* _WHAT YOU ARE ASKED TO DO_
Give back the full material exactly. Omit no line.

* _GIVEN DATA_
* * * *

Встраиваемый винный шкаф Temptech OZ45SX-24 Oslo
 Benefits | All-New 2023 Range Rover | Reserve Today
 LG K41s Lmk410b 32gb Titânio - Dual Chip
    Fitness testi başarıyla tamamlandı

* * * *

* _OUTPUT FOR THIS TASK_
Встраиваемый винный шкаф Temptech OZ45SX-24 Oslo
 Benefits | All-New 2023 Range Rover | Reserve Today
 LG K41s Lmk410b 32gb Titânio - Dual Chip
    Fitness testi başarıyla tamamlandı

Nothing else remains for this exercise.